Today is the first day of June, and June is Torture Awareness Month, but May was the month that Americans became aware that the issue of torture had not died with the end of the presidency of George W. Bush. President Barack Obama extended his efforts to cover up evidence of torture under his predecessor, bewildering Democrats who thought that they had voted for change in the election of 2008.
Still, Obama has broken many campaign promises this year, including the promise to reform the Office of Government Religion (faith-based initiatives) by ending its funding of religious discrimination. Obama’s broken promises have a common thread throughout them – the same disregard for the law and the Constitution that made George W. Bush generally recognized as the worst President in American history.
But there’s another link between Obama’s torture cover ups and his fondness for breaking the separation of church and state. The results of a survey conducted by the Forum on Religion and Public Life show that the more often Americans go to church, the more likely they are to support the use of torture.
54 percent of respondents to the survey who attended church at least once a week indicated that they believe that torture is justified “often” or “sometimes”. For those respondents who attended church “monthly or a few times a year”, that support dropped slightly to 51 percent. Those respondents who attended church either seldom or never, however, were much less likely to support the use of torture – 42 percent of those respondents indicated that they believe that torture is justified “often” or “sometimes”.

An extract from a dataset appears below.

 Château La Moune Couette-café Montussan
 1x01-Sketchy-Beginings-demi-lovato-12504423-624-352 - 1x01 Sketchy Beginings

There are many possible interpretations of this chart. Association and causation are not the same thing. Perhaps going to church leads people to support torture, but it could also be that sadists who already have the propensity to support torture also find satisfaction in what church has to offer.
However, it’s clear that this survey profoundly undermines the contention that churches are agents of compassion in American society. The statistics here do not support the idea that churches lead people into forgiveness. Turning the other cheek seems to happen more among those who don’t go to church than among those who do.
This survey goes some way to explaining for me why Barack Obama has broken his promises both on torture and on the separation of church and state. If Obama is seeking to create a base of political support using America’s churches, institutions that he used as campaign tools in 2008, then he can solidify that base by acting in support of torture. Obama would endanger his hold on America’s voting churchgoers by opposing torture.